By Michael Brooks
Two Midwest load-serving entities are challenging a generator interconnection agreement filed by MISO that they say would result in one company paying too much for $5.7 million in transmission upgrades because the RTO is misapplying a provision in its Tariff.
Interstate Power and Light (IPL), which is building the 650-MW Marshalltown Generating Station in Iowa, joined MidAmerican Energy last week in protesting the GIA that MISO filed for the combined cycle plant. The companies told FERC that MidAmerican would end up paying the majority of costs for the transmission upgrades in the agreement, while IPL would only pay the installed cost of capital of the shared network upgrades and not its full portion of the monthly facilities charges contained in MidAmerican’s facility service agreements with transmission owner ITC Midwest (EL16-1083).
The upgrades in the Marshalltown agreement were previously included in GIAs filed for two MidAmerican wind farms. ITC had elected to fund the upgrades itself and agreed with MidAmerican that if they became shared upgrades, ITC would determine each interconnection customer’s cost responsibility for them.
Instead, the companies said, MISO believes that Attachment FF of its Tariff requires IPL to make a one-time cost of capital payment to MidAmerican. The companies argued that Attachment FF only applies to when an interconnection customer, not the TO, is funding the upgrades.

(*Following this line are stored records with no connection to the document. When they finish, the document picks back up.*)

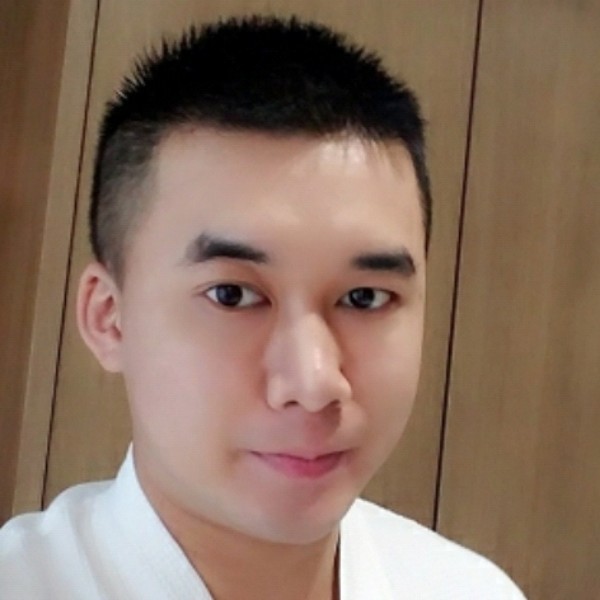 陆维。的照片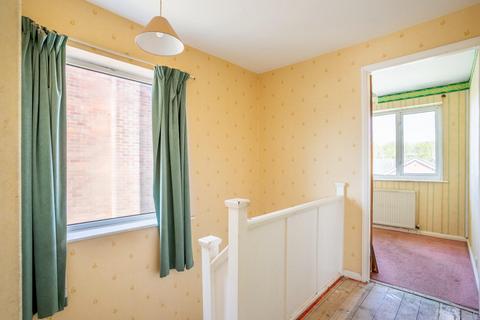 81 Crossways, York, YO10 5HT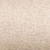Calico Wool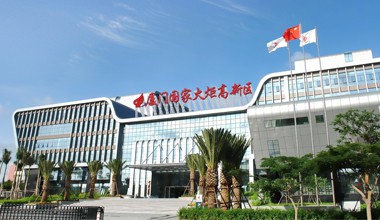 廈門創易網絡科技有限公司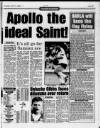 Manchester Evening News Saturday 15 April 1995 Page 73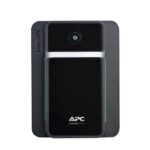 APC Easy UPS BVX – onduleur line-interactive – 700VA, 230V – Prises IEC – Image 6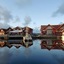 Björholmens Marina Sealodge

“The MISO Tariff language is silent regarding the instant situation, where ITC Midwest as the transmission owner elected to self-fund the network upgrades,” IPL and MidAmerican said. “MISO has refused to recognize the difference between a situation where the first interconnection customer funded the shared network upgrades and the situation here where the transmission owner self-funded” them.
“The distinction is important because … MISO’s requirement that the second interconnection customer simply make a one-time payment for the cost of the shared network upgrades to the first interconnection customer results in unequal and inequitable treatment of the two interconnection customers for the same upgrades,” the companies said.
The companies said IPL should pay 32% of the costs for a $2 million transformer upgrade and 51.4% for a $3.72 million line rebuild. They asked FERC to order MISO to revise the Marshalltown GIA to reflect these cost allocations.
“Parties should be paying their fair share,” Cortlandt C. Choate Jr., senior attorney for IPL parent company Alliant Energy, said in an interview.
They also asked that MISO be required to revise its Tariff to clarify interconnection customers’ cost responsibilities for upgrades funded by the TO.